> [WHAT IS BEING ASKED] Starting with the line that contains "Long Navy Blue" and stopping after the line that contains "Rule 34 | 1girl, ahoge, animal", copy the entries below exactly. Include nothing else.

> [RECORDS FOR THE TASK]
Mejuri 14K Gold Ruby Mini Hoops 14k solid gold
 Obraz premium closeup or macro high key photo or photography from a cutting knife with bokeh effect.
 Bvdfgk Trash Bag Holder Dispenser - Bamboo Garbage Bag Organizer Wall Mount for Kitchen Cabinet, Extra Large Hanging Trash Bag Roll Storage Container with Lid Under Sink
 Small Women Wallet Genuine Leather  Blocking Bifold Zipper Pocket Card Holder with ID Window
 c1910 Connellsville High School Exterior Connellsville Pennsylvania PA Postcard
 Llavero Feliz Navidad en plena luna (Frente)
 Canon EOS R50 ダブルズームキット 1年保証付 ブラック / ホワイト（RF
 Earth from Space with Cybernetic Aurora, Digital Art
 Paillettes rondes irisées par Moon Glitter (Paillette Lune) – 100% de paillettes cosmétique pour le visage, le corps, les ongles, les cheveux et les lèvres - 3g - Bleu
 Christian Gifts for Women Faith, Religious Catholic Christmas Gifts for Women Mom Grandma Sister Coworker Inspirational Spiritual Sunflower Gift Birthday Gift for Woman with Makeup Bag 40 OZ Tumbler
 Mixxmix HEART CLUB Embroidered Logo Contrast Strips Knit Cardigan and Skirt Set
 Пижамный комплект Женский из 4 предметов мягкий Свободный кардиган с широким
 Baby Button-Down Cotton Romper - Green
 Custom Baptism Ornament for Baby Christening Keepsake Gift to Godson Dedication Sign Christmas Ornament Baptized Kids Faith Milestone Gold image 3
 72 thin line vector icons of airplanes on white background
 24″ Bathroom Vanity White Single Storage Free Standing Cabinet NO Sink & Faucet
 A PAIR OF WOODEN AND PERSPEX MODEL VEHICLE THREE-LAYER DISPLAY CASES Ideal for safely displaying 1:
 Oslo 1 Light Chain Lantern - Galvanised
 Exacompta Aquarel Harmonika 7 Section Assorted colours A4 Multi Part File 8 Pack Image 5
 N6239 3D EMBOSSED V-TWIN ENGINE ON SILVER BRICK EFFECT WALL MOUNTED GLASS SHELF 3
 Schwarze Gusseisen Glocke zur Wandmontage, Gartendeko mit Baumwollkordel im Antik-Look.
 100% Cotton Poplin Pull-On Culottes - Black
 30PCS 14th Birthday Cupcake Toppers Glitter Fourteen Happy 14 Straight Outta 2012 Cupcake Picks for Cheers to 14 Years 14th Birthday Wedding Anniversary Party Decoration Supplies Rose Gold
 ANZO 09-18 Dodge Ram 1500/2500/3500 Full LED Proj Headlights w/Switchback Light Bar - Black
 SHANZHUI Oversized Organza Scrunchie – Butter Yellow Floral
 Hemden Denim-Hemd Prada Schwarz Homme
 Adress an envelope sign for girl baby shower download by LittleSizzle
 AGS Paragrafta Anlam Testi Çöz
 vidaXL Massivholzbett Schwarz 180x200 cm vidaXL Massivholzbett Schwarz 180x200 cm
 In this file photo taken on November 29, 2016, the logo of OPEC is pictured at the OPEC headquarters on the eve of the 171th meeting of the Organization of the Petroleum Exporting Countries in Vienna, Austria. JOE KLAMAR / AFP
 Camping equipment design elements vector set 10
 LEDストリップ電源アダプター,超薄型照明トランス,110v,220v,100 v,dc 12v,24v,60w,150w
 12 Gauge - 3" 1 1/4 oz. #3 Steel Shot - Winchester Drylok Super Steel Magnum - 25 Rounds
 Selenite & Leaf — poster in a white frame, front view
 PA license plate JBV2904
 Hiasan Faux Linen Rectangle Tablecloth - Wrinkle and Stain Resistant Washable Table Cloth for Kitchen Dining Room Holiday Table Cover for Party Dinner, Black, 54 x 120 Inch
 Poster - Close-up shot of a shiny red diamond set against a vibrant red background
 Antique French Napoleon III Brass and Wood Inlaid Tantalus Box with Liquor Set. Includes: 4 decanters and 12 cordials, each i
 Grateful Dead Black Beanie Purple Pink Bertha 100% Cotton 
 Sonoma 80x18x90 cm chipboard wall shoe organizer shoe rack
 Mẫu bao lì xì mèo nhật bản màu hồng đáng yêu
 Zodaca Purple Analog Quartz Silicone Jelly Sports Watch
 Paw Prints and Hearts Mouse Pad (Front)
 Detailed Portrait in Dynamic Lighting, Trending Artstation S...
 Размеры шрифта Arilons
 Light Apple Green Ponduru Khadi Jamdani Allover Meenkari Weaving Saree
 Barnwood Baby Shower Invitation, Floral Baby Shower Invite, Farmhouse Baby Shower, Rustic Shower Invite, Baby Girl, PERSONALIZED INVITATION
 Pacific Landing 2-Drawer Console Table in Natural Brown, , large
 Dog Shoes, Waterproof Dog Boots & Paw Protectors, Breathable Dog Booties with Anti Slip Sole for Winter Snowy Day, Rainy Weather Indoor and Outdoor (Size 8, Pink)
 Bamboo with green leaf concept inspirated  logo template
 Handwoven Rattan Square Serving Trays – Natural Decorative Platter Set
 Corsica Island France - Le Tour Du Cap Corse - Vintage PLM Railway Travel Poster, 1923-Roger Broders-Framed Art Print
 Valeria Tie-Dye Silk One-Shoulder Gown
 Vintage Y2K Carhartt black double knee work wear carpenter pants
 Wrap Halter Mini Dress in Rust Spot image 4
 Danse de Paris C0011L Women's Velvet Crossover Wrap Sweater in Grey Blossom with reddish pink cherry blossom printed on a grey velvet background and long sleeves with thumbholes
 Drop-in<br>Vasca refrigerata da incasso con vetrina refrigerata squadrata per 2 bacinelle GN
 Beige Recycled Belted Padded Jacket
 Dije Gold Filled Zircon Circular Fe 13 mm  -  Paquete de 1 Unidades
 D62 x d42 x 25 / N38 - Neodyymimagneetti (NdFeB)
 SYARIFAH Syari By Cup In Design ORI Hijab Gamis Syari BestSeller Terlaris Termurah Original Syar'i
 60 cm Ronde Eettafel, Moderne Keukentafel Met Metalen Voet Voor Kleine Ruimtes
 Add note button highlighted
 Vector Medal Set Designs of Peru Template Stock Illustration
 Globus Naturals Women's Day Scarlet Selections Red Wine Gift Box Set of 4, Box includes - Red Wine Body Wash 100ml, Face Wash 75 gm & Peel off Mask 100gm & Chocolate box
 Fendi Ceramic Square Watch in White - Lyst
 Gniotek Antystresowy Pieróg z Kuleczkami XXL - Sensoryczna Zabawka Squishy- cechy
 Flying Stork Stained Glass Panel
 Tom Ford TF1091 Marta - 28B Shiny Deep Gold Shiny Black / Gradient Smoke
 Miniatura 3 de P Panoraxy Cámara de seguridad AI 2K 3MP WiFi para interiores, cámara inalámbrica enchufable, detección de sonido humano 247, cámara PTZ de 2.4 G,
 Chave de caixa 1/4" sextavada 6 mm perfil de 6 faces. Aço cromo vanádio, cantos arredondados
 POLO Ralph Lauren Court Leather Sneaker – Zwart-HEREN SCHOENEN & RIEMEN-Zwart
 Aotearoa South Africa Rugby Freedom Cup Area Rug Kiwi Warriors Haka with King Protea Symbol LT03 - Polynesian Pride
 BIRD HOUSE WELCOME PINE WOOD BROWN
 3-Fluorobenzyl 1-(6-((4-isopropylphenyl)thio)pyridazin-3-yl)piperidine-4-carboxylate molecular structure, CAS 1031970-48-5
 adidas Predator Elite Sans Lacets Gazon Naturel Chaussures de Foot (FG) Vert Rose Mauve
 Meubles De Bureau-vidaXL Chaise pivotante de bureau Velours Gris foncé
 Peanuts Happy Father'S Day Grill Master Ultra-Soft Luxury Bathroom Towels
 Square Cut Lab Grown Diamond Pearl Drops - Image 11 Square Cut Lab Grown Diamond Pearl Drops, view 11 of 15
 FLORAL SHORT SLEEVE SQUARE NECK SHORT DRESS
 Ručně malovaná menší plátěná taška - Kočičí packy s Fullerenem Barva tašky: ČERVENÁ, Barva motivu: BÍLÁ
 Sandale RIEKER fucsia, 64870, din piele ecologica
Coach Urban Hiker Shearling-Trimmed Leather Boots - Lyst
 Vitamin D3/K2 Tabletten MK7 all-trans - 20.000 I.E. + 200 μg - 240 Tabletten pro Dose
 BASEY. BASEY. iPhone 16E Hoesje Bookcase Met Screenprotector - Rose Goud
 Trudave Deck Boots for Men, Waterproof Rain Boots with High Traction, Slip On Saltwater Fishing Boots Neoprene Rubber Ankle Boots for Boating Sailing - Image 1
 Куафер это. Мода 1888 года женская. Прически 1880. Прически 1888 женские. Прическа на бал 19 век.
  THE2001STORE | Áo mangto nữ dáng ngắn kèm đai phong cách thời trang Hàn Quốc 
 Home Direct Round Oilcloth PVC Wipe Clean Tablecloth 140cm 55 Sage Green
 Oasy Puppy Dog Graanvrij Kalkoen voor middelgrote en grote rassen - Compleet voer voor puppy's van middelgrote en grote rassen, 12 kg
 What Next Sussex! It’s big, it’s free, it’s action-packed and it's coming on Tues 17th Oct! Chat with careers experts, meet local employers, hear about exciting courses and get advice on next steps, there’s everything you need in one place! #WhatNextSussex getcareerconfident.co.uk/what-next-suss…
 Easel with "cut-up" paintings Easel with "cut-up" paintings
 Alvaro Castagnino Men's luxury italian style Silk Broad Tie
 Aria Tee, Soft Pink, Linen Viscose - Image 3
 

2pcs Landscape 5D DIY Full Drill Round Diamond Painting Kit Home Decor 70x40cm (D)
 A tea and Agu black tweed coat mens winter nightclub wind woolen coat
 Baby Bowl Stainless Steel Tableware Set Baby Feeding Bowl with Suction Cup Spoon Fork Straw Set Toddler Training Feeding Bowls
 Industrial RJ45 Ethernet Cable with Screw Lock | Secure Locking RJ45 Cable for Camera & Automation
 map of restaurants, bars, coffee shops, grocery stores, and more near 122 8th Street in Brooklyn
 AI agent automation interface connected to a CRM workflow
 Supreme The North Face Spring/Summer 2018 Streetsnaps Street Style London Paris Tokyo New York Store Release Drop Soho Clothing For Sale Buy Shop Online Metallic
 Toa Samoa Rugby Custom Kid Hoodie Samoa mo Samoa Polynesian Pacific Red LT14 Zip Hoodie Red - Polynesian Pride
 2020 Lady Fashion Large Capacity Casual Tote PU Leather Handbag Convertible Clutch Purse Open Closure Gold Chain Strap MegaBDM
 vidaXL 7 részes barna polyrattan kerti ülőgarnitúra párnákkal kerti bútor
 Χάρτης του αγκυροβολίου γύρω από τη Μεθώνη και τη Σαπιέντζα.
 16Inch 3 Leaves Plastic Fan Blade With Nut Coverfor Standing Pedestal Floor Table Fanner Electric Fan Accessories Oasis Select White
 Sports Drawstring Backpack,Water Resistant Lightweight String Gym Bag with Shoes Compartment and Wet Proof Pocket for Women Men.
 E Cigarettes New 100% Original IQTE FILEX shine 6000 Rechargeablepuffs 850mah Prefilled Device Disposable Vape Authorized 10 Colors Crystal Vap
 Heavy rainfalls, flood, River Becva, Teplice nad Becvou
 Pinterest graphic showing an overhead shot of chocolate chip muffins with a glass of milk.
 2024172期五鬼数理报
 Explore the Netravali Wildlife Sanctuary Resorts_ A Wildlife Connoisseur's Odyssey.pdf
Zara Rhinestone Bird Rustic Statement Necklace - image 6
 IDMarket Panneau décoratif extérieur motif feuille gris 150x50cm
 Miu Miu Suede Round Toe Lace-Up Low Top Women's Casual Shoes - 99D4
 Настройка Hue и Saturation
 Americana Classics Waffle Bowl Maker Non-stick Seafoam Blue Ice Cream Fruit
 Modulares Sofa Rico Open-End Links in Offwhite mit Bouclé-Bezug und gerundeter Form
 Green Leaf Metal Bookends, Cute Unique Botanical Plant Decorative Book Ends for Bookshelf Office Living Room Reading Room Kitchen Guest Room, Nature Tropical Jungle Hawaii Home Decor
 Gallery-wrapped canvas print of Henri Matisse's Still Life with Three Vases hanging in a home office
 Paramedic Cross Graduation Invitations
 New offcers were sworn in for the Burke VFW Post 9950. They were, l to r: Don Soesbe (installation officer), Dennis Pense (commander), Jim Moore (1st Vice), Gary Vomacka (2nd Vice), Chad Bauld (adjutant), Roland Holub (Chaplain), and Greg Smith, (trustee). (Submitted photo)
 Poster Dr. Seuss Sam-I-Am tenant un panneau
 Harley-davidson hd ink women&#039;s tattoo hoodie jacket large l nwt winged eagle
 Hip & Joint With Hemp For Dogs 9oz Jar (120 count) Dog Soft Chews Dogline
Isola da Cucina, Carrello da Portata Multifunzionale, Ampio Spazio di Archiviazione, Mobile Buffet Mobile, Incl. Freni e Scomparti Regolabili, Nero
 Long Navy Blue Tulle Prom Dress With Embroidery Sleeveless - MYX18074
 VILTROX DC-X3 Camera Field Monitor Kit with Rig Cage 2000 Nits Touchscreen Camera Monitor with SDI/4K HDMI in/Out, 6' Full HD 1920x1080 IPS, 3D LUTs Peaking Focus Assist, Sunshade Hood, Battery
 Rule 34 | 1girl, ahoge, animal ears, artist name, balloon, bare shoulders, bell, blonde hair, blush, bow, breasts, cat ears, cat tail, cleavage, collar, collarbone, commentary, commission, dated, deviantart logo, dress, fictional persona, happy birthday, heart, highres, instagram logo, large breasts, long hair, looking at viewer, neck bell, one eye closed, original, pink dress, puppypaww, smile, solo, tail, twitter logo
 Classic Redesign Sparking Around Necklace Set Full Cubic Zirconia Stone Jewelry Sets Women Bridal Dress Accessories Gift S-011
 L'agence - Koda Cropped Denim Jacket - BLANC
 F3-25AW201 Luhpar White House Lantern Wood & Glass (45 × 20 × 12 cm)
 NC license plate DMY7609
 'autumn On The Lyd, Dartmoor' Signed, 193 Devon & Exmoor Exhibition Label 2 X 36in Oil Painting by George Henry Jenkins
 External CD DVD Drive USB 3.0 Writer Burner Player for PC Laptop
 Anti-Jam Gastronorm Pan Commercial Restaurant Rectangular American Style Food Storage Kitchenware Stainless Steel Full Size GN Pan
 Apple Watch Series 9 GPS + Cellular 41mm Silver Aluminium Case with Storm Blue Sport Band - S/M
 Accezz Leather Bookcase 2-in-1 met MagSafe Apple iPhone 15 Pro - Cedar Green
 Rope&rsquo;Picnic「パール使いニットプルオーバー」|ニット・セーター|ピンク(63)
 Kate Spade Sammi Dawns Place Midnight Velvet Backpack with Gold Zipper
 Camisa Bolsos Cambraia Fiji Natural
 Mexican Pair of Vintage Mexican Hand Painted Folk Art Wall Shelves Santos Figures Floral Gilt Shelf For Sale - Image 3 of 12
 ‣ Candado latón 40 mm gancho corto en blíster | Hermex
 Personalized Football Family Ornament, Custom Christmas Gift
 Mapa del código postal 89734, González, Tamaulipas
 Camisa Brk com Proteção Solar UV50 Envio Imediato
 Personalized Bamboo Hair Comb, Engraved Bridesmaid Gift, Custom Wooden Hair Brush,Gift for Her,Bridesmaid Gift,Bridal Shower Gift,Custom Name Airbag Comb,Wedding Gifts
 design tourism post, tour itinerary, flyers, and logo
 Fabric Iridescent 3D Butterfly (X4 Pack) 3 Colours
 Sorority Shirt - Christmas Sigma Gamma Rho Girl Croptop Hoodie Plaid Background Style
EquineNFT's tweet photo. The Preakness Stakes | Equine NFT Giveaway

> [TASK SOLUTION]
 Long Navy Blue Tulle Prom Dress With Embroidery Sleeveless - MYX18074
 VILTROX DC-X3 Camera Field Monitor Kit with Rig Cage 2000 Nits Touchscreen Camera Monitor with SDI/4K HDMI in/Out, 6' Full HD 1920x1080 IPS, 3D LUTs Peaking Focus Assist, Sunshade Hood, Battery
 Rule 34 | 1girl, ahoge, animal ears, artist name, balloon, bare shoulders, bell, blonde hair, blush, bow, breasts, cat ears, cat tail, cleavage, collar, collarbone, commentary, commission, dated, deviantart logo, dress, fictional persona, happy birthday, heart, highres, instagram logo, large breasts, long hair, looking at viewer, neck bell, one eye closed, original, pink dress, puppypaww, smile, solo, tail, twitter logo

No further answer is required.